### [The task]
Copy only what lies from the line containing "un vase blanc" through the line containing "Detail of army" in the entries below, keeping both end lines exact and dropping every picture.

### [Data for review]
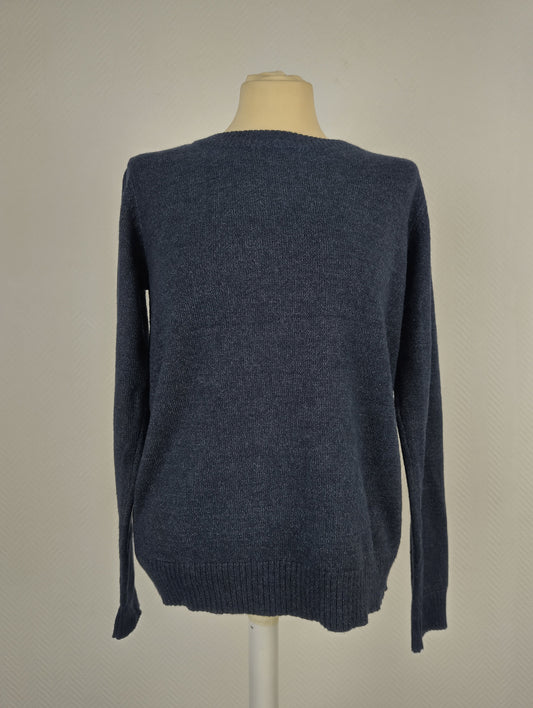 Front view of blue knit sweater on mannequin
--
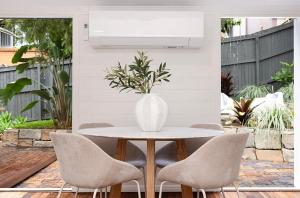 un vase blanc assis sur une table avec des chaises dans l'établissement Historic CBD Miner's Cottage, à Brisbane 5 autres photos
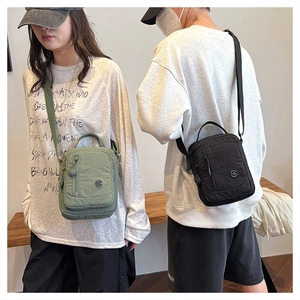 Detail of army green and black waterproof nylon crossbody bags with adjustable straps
---
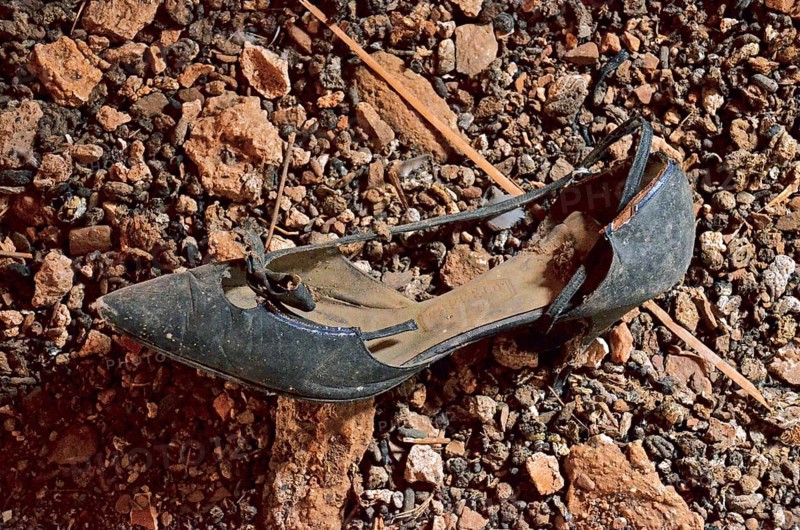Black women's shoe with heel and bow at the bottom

### [Solution to the exercise]
 un vase blanc assis sur une table avec des chaises dans l'établissement Historic CBD Miner's Cottage, à Brisbane 5 autres photos
 Detail of army green and black waterproof nylon crossbody bags with adjustable straps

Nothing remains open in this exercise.